Exercise => Once you have found the line with "Carrera 62 Carrera 62" in the records below, retype it and every line after it to the end exactly, with no pictures and nothing more.
Data provided: Begin
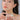 3CE Multi Eye Color Palette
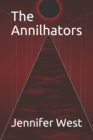 Image for The Annilhators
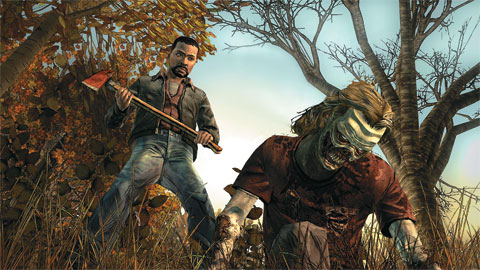 videogames2012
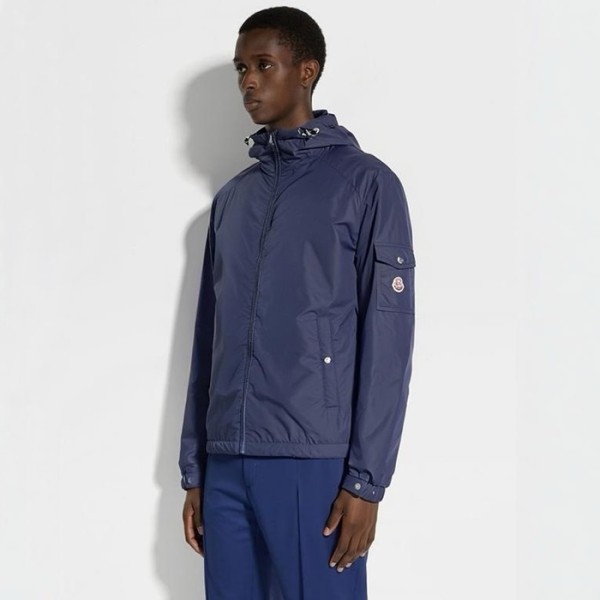 ❤몽클레어 남성 다운 자켓 - Moncler Mens Down Jacket - moc2421x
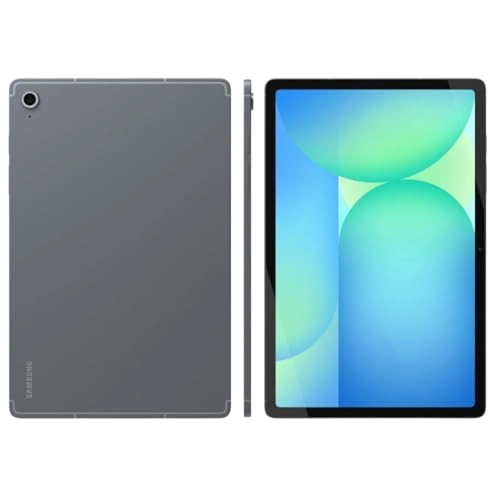 Galaxy Tab S10 FE+ - 128GB 13.1"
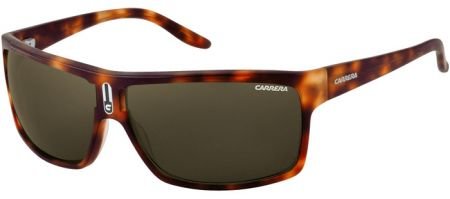 Carrera 62 Carrera 62
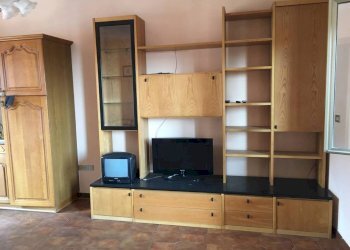 Salone - Casa indipendente Fiorano Canavese - foto 6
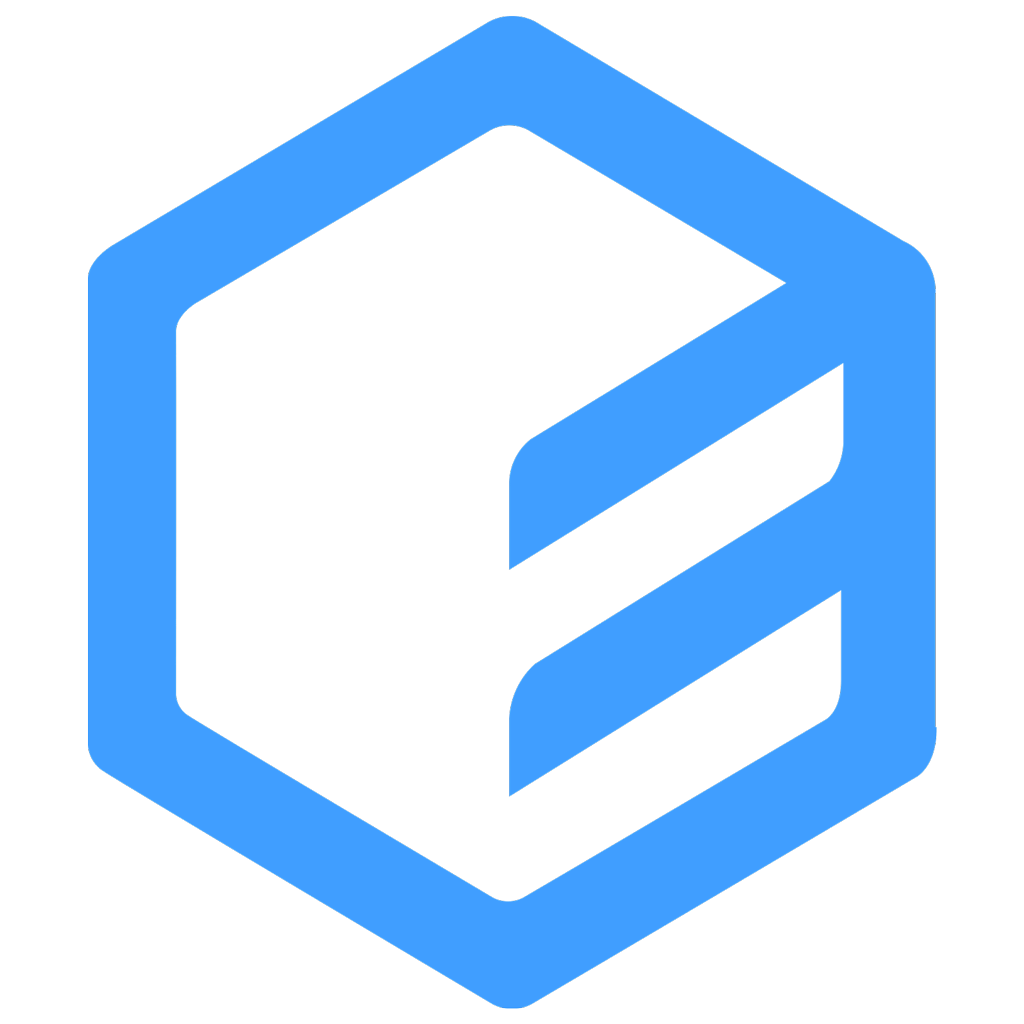 element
Data provided: End
Written reply =>
 Carrera 62 Carrera 62
 Salone - Casa indipendente Fiorano Canavese - foto 6
 element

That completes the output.